▸ TASK TO COMPLETE: Below are records with pictures in them. Transcribe everything from the line containing "Yamxder Wandschrank Weiß" down to the line containing "Rock n roll", exactly, and leave the pictures behind.

▸ RECORDS PROVIDED:
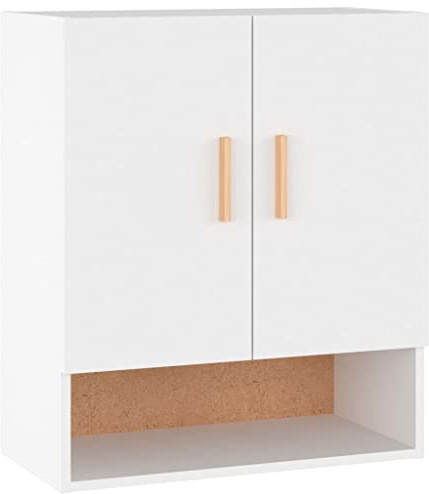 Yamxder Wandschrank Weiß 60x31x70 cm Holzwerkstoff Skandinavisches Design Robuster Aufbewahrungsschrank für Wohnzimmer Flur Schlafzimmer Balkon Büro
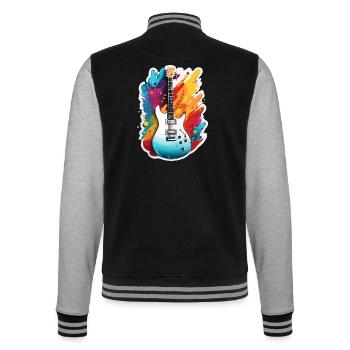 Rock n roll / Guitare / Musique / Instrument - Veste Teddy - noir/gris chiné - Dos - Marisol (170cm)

* * *

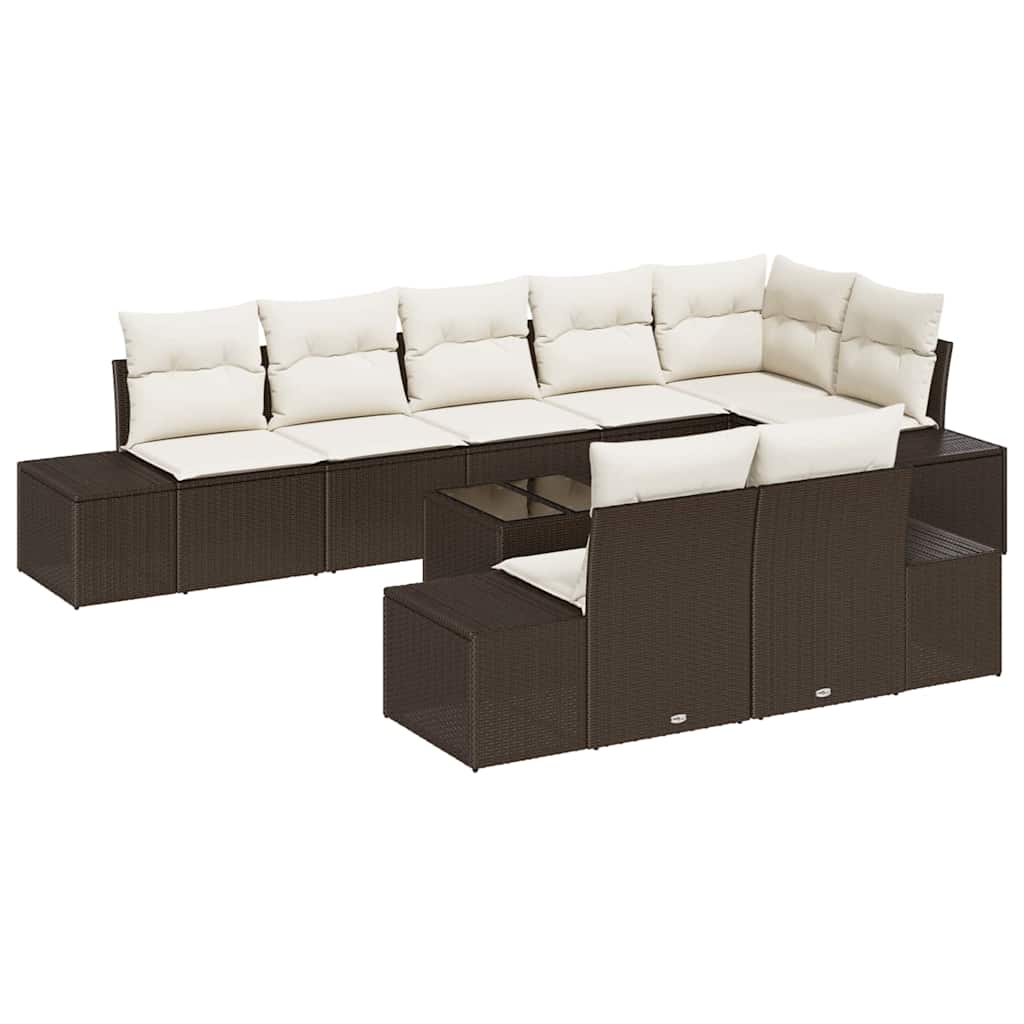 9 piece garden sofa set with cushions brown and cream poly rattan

▸ OUTPUT FOR THIS TASK:
 Yamxder Wandschrank Weiß 60x31x70 cm Holzwerkstoff Skandinavisches Design Robuster Aufbewahrungsschrank für Wohnzimmer Flur Schlafzimmer Balkon Büro
 Rock n roll / Guitare / Musique / Instrument - Veste Teddy - noir/gris chiné - Dos - Marisol (170cm)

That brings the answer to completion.